財布代わり、お得にピッ スマホ決済を上手に使おう 障害備え現金確保/こまめに履歴確認/店頭入金も活用を

2021年4月15日 07時17分

キャッシュレス決済が掲示されたレジ=東京都港区のファミリーマート・ムスブ田町店で(2021年3月撮影)

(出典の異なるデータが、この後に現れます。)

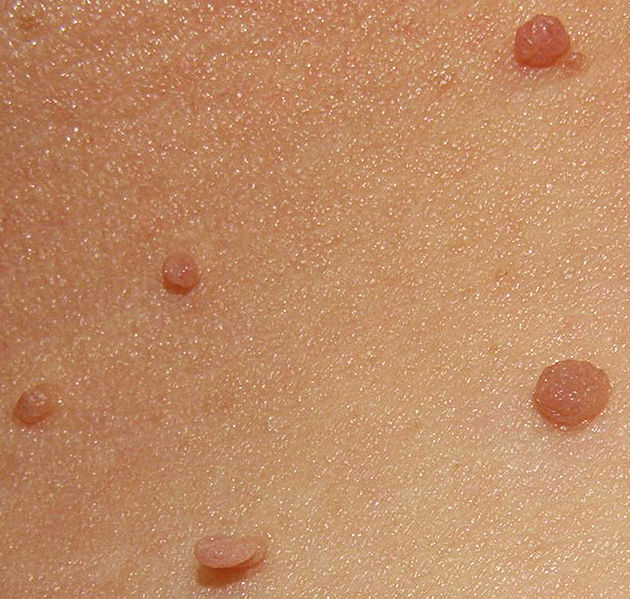 Skin Tags in the neck
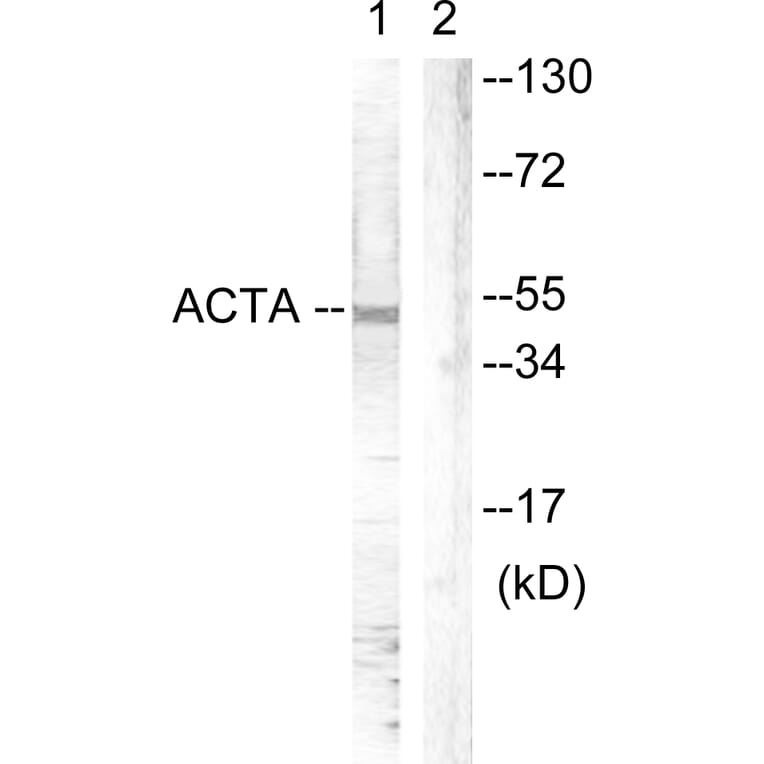 Western Blot - Anti-Actin-pan Antibody (B0762) - Antibodies.com
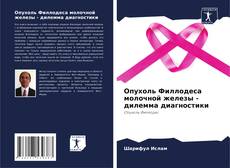 Bookcover of Опухоль Филлодеса молочной железы - дилемма диагностики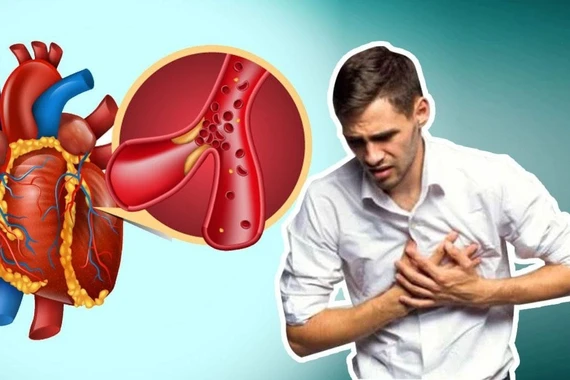 Bệnh 'sát thủ thầm lặng' ít dấu hiệu cảnh báo, hậu quả rất nặng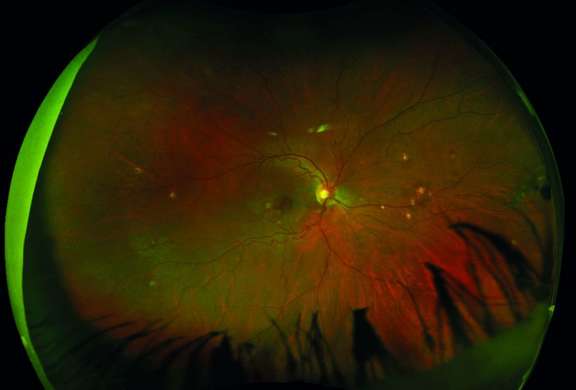 Figure 3. Photographie grand champ (Optos) du fond d’œil d’une patiente de 30 ans, montrant de multiples lésions choriorétiniennes jaunâtres en moyenne périphérie dans le cadre d’une choroïdite multifocale.

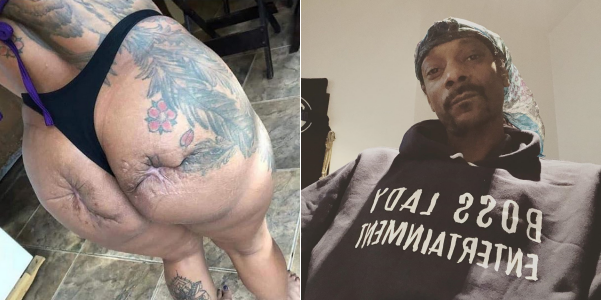 L-R: Lady's butt scarred by cosmetic surgery, Snoop Dogg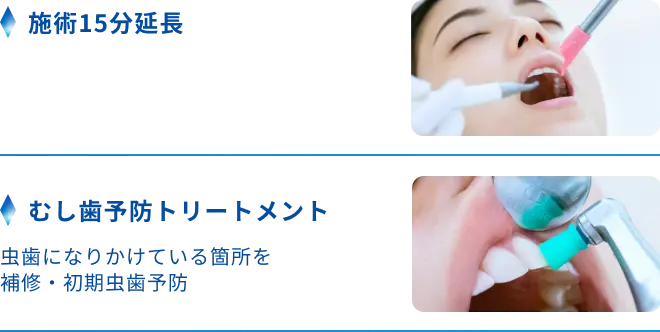 施術15分延長、むし歯予防トリートメント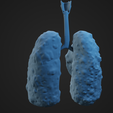 HLC_Render3.png Human Lung Cancer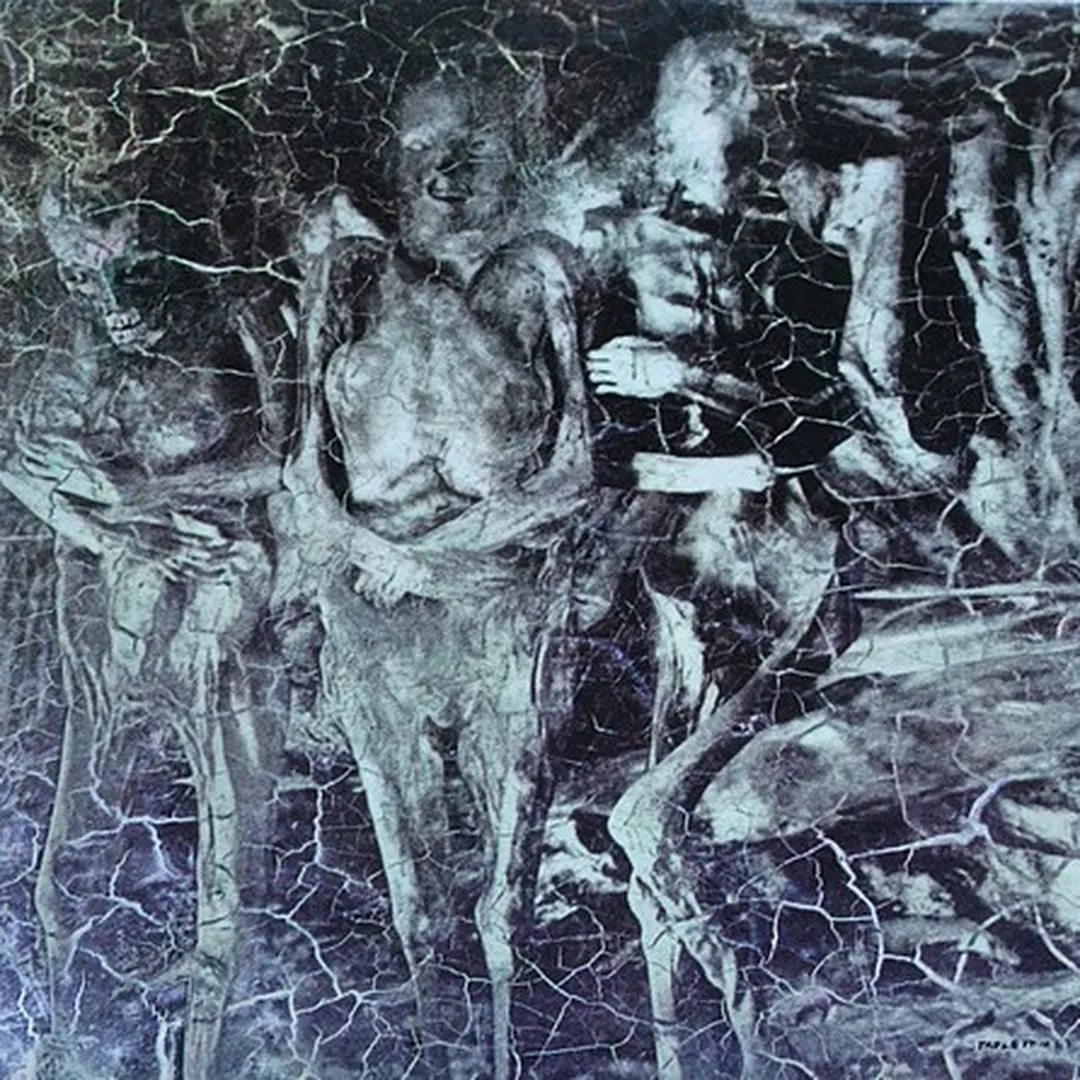 Tooth, Teeth, Milk, Teeth, Skin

 スマートフォンを財布代わりに使う「スマホ決済」。お金の代わりに使えるポイントがたまるうえ、コロナ禍で現金のやりとりを避けようと利用者が増加している。ただ、使い始めるには「不正利用が心配」「どれにしよう」「設定が難しい」といった壁を感じる人もいる。上手な使い方をチェックしてみた。 (梅野光春)
 東京・巣鴨の巣鴨地蔵通り商店街。ショーウインドーや店の入り口にスマホ決済対応を示すマークをあちこちで見かける。包丁店を営む飯田正美さん(70)は「一年前に始めた。クレジットカードと違い、専用端末がいらないので店も便利。そういう時代になったね」と笑顔で話した。
 「現金より得することがとにかく増えた」。そう話すのはファイナンシャルプランナーの風呂内(ふろうち)亜矢さん。(1)精算時に小銭の出し入れの手間がいらない(2)支出の履歴が残るので家計簿代わりになる(3)ポイントがたまる(4)割引クーポンをもらえる−などを挙げる。
 心配もある。災害などで停電やシステム障害が起きると決済できなくなる。セブン−イレブン向けの「7pay(セブンペイ)」やNTTドコモの「ドコモ口座」で発覚したような不正利用の懸念は消えない。
 「手持ち現金の確保と、利用する決済サービスの絞り込み、こまめな履歴チェックなどの備えが大事」と風呂内さん。「不正利用が心配ならコンビニなどでの現金チャージがおすすめ」とアドバイスする。
 引き落としに比べてひと手間多いが、現金をそのまま支払うより得となる。
 では始めてみようかと、腰を上げた時に悩んでしまうのが「○○ペイ」といった決済アプリの種類。いくつか併用してもいいが、どうやって選べばよいか。
 風呂内さんによると、(1)普段からよく利用する店で使えるかどうか(2)手持ちの銀行口座やクレジットカードとの相性−が主な決め手となる。決済アプリによっては、引き落としが一部の銀行に限られることがあるからだ。逆にクレジット経由なら、決済アプリとクレジットの両方のポイントがつく場合がある。

◆コロナ禍 幅広く浸透

 スマホ決済は主にQRコード型とタッチ型の二種類に分かれる。
 QRコード型はスマホ画面に表示したコードをレジの読み取り機にかざすか、店頭にあるコードをスマホのカメラで読み取って決済する。タッチ型はスマホ内蔵のICチップを使って駅の自動改札のようにスマホを読み取り機に近づける。
 NECソリューションイノベータ社によると、昨年はQRコード型がシニア層を含めて幅広い年代に浸透したという。同社の橋本実佳さんは「消費税引き上げに伴う昨年六月までの政府のポイント還元事業と、コロナ禍で現金の手渡しを避ける動きが影響した」と分析する。
 同社が十五〜六十九歳の約三千人にインターネットで調査したところ、普段利用する決済手段(複数回答可)として「QRコード型」を選んだのは、二〇一九年調査の25%から二〇年は43%に増えた。「現金」は93%で、現金を併用しながらキャッシュレス決済を利用する人が増えている。